A History of the T-shirt

Know the history of the tee? How did the t-shirt get its start in the beginning of the twentieth century? How did the t-shirt become an American favorite? We’re now into the twenty-first century, and the t-shirt remains as popular as ever.

T-shirts of yesteryear were nothing like the t-shirts you know today. It was common knowledge that the first t-shirts, as you will learn, were clearly considered something to be worn underneath clothing. Certainly, the t-shirts of old were not part of a stand-alone industry, nor were they a mode of advertising.

Believe it or not, before the 20th century, there was no consensus that underwear should be included as an essential part of one’s wardrobe. Most late 19th century folks wore something like an extended shirt called the “Spiral Bustle.” Then in 1901 the predecessor to Hanes introduced for sale through catalog men’s underwear, a two-piece set.

The birth of the t-shirt appears to be accredited to the navy (and lots of sailors). No one seems to know for certain when the first t-shirt was made. As early as 1913 the U.S. Navy adopted a revolutionary new garment, a short-sleeved, crew-necked, white cotton undershirt. This garment was to be worn underneath a jumper. And what was the purpose of this undershirt? One must avoid scandalous sights, otherwise known as sailors’ chest hairs. The standard issue shirt had somewhat of the silhouette of a “T”, thus the name “t-shirt” was born.

It is also notable that during WWI while European soldiers were wearing cooler, comfy, lightweight, cotton undershirts in the humid, hot summer days, that American troops took notice. These duds were nothing like the American wool uniforms soldiers wore.

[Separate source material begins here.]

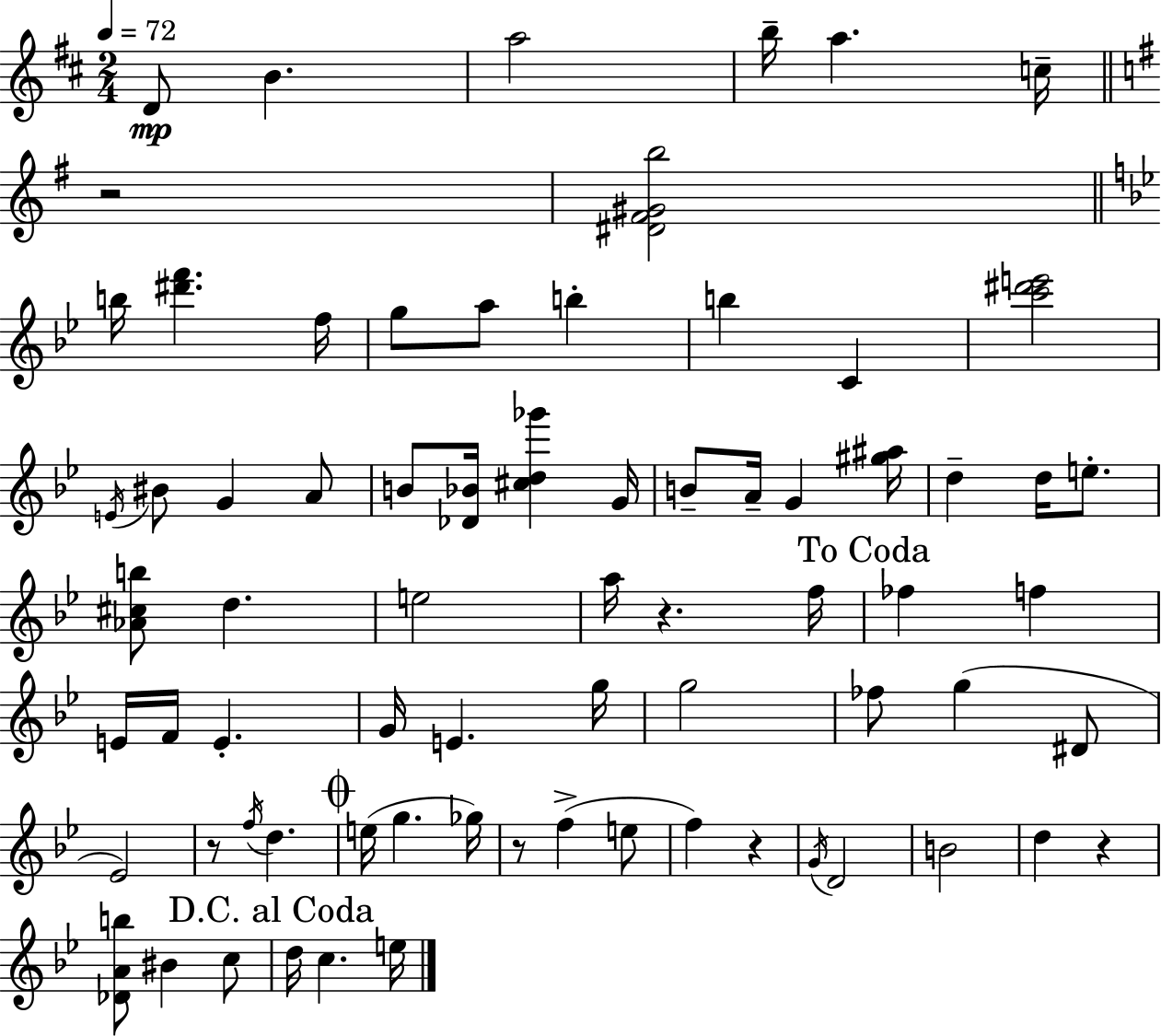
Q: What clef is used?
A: treble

Merriam-Webster’s Dictionary listed “T-Shirt” as an official word in the American English language by the 1920’s. Around the late 1930’s that companies including Fruit of the Loom, Hanes and Sears & Roebuck began the marketing of the t-shirt.

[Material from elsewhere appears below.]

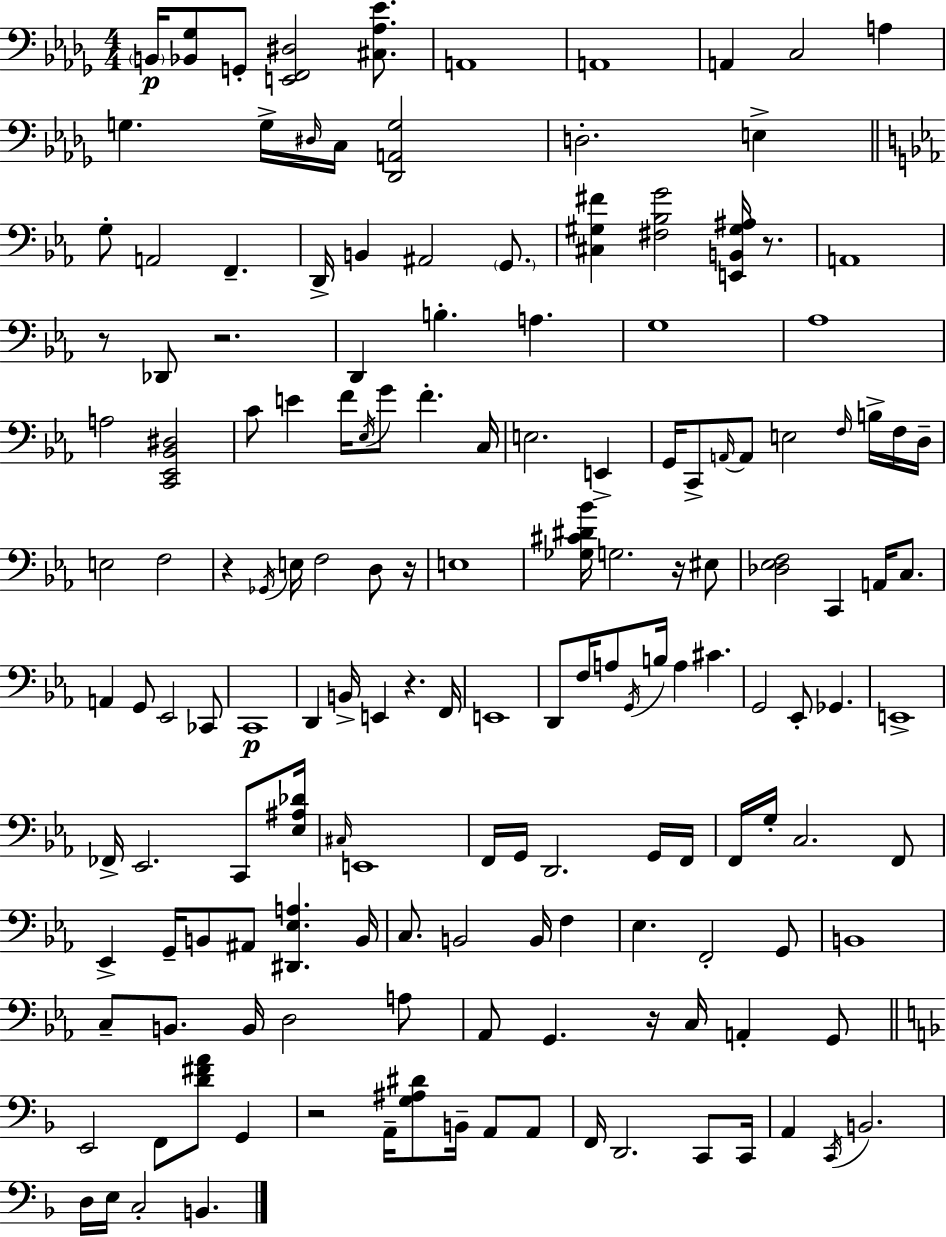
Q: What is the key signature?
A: BES minor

As of W.W. II, the Army and 12 million Navy sailors had t-seasy rider,hirts as standard issue underwear. “Skivvies”, these new, inexpensive undergarments became known as. America saw, began to get comfortable with, and reveled secretly, daily news images of their wartime sons, wearing t-shirts (dressed barely, but with pants of course). Underwear was being worn as outerwear. Rules were flaunted about undergarments. Taboos were violated with this show of male sexuality.

Still, by and large, the t-shirt was an undergarment meant not to be seen. In 1934, however, Clark Gable shocked everyone, as he stripped off his dress shirt in the movie “It Happened One Night,” to reveal no t-shirt at all. Women swooned, and men as well. Still, the t-shirt kept itself under wraps, to be worn primarily underneath a work or proper dress Sports T shirt.

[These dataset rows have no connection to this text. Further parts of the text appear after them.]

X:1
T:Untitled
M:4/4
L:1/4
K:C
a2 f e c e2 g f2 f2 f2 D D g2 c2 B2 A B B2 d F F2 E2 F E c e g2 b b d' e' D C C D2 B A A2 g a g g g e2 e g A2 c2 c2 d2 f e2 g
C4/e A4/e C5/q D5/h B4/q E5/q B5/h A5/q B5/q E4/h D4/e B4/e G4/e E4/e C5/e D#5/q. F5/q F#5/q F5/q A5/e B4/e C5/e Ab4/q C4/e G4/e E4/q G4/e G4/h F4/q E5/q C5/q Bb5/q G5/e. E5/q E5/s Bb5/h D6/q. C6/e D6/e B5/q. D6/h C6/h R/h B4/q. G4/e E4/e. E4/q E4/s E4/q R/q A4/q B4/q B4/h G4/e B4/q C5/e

The idea continued to quickly catch on, and due to simple design, a few years later, with the leave of many sailors during the war, the popular civilian “union suit” was reduced to a “singlet” or “jersey.” In 1938, Sears introduced a t-shirt they called a “gob” shirt (named after sailors). A “gob” shirt cost 24 cents. The t-Shirt would become an empty canvas, which was allowing men to present themselves in an erotic sense and show their gender.

The t-shirt was becoming appropriate to wear as an undergarment or as an outer one. The Marines standard issue white t-shirt was replaced with sage green for camouflage purposes. In 1944, the Army surveyed enlisted men as to preference of sleeves or sleeveless. Most preferred sleeves, due to better appearance, absorption under arms, among other reasons.

The t-shirt would never be the same. Along with worldwide upheaval, WWII brought along as well the first printed t-shirts. On display at The Smithsonian Institute is the oldest printed shirt on record. This t-shirt is from Governor of New York Thomas E. Dewey’s 1948 presidential campaign and sports “Dew-It with Dewey”.